Raw data ▸
◇ ◇ ◇ ◇ ◇ ◇ ◇

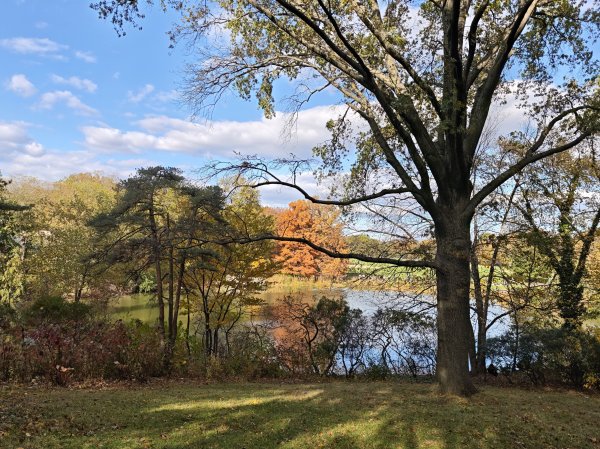 [紐約馬之行-13] 2025_1101 中央公園-眺望台城堡2945191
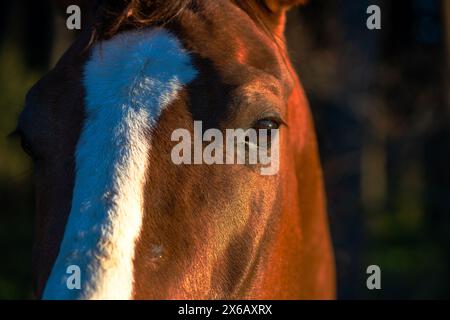 Des yeux de cheval émouvants regardent directement la caméra, révélant le lien profond entre le cheval et l'humain. Banque D'Images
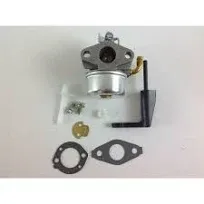 Briggs &amp; Stratton 591299 Lawn &amp; Garden Equipment Engine Carburetor Genuine Origi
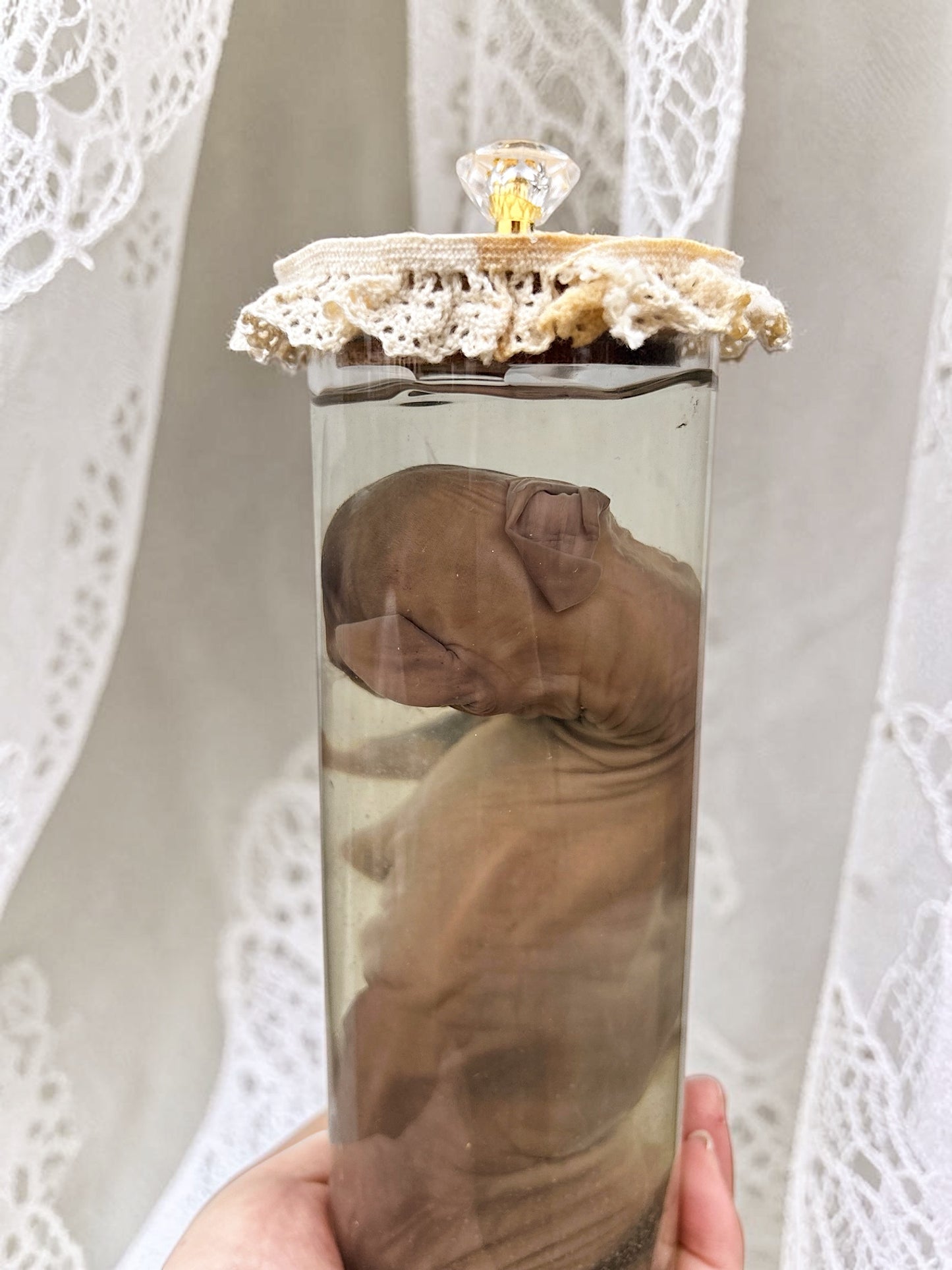 wet specimen - tiny goat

◇ ◇ ◇ ◇ ◇ ◇ ◇

Try it ▸ Your response must reproduce every line of the data exactly, with images omitted.

Response area ▸
 [紐約馬之行-13] 2025_1101 中央公園-眺望台城堡2945191
 Des yeux de cheval émouvants regardent directement la caméra, révélant le lien profond entre le cheval et l'humain. Banque D'Images
 Briggs &amp; Stratton 591299 Lawn &amp; Garden Equipment Engine Carburetor Genuine Origi
 wet specimen - tiny goat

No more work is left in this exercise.